What you will do: At the line containing "A Victorian single", begin an exact copy of the lines below and continue through the final one, with no pictures.

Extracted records
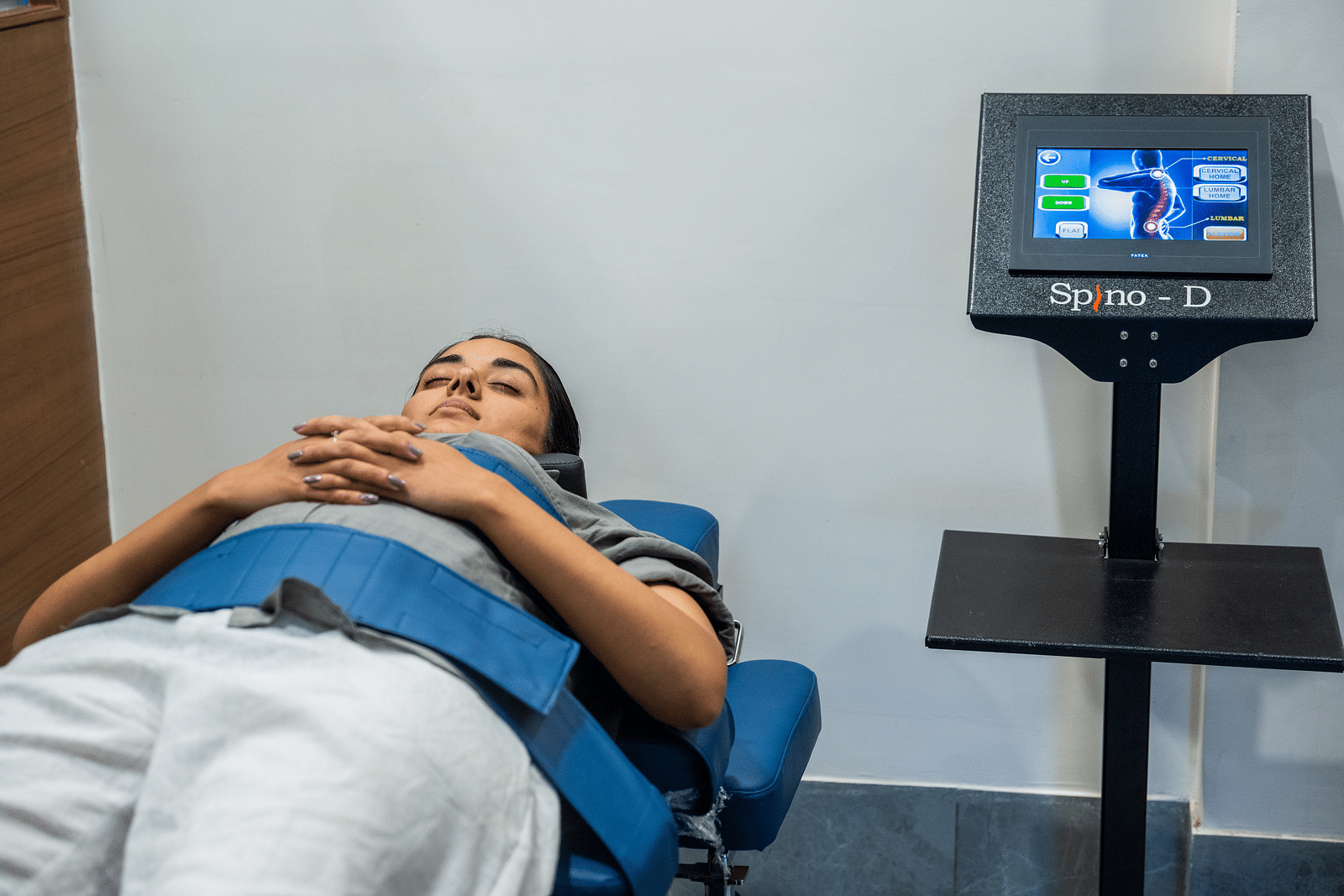 A woman taking a test for her back at our wellness centre in Udaipur - Rajbagh Wellness, Udaipur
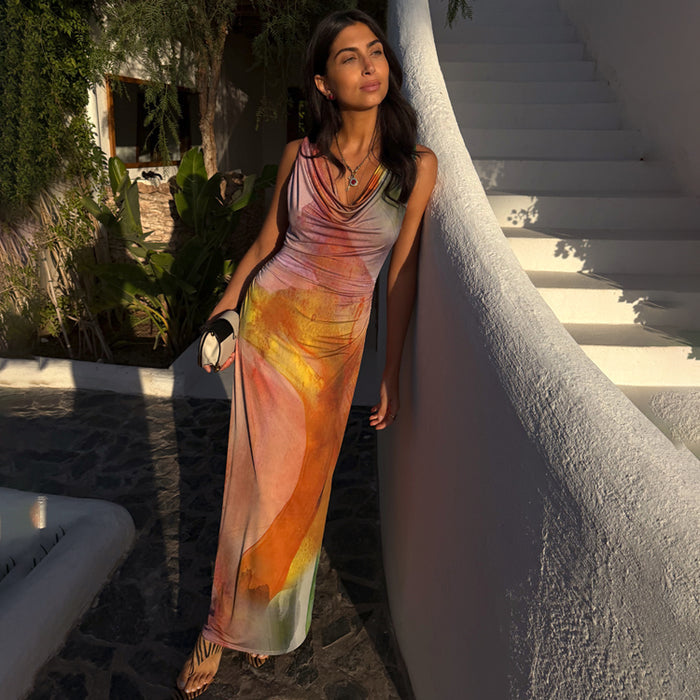 Abstract Malika Dress in stretch jersey with a draped neckline and multicoloured print, leaning against a white wall.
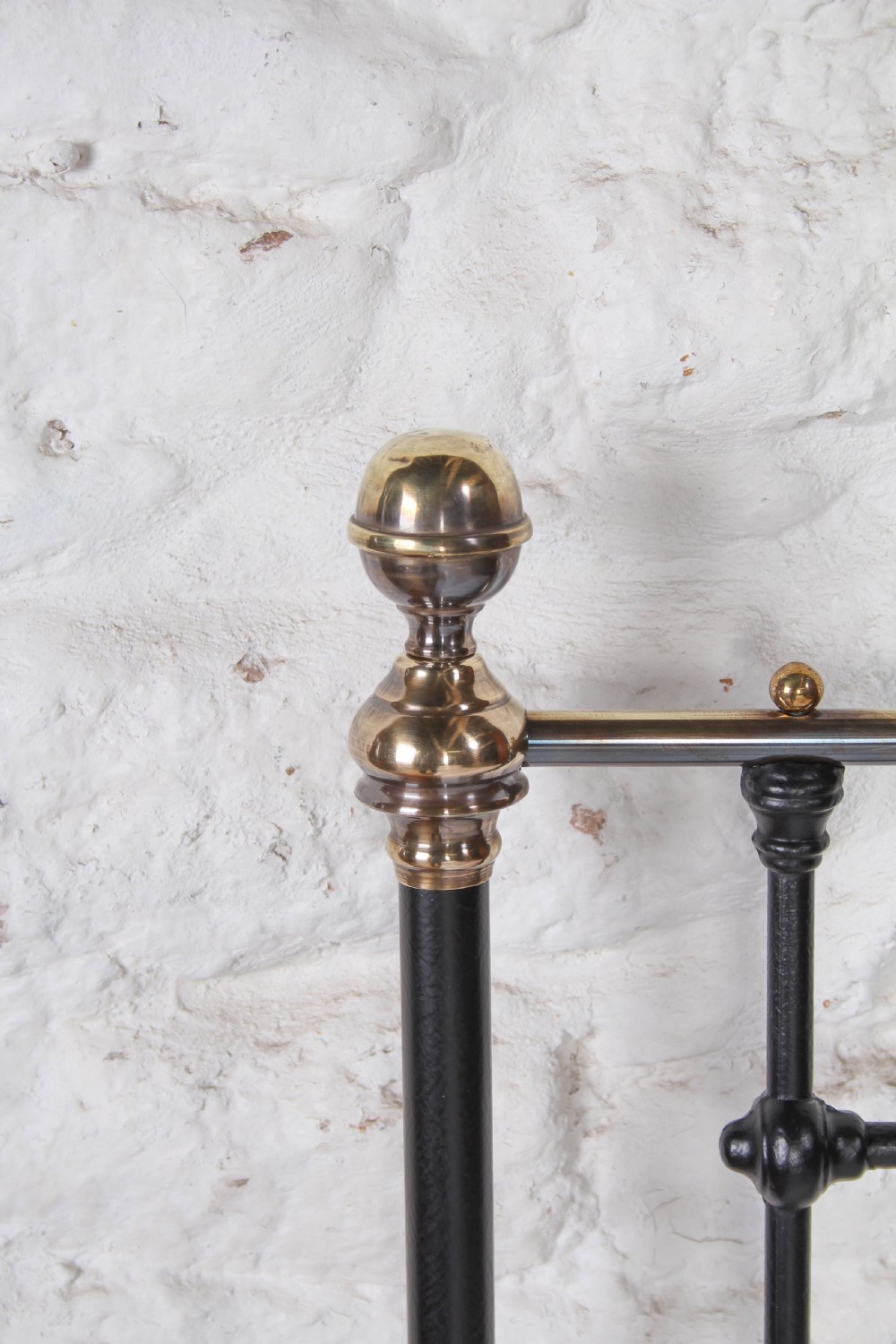 A Victorian single cast iron bedstead with black vertical spindles, brass finials, and white bed linen. View III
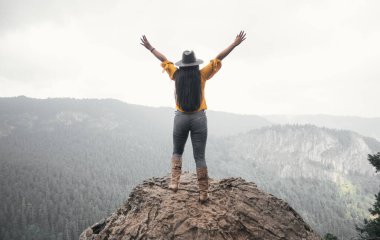 Şapkalı genç bir kadın dağ manzarasını izliyor.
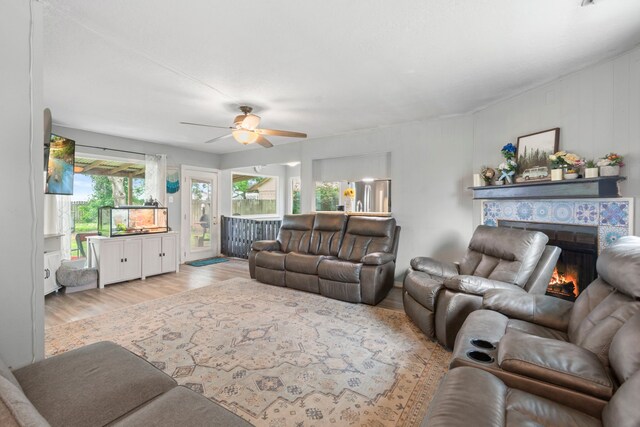 living room with a ceiling fan, wood finished floors, and a tile fireplace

Response to this exercise:
 A Victorian single cast iron bedstead with black vertical spindles, brass finials, and white bed linen. View III
 Şapkalı genç bir kadın dağ manzarasını izliyor.
 living room with a ceiling fan, wood finished floors, and a tile fireplace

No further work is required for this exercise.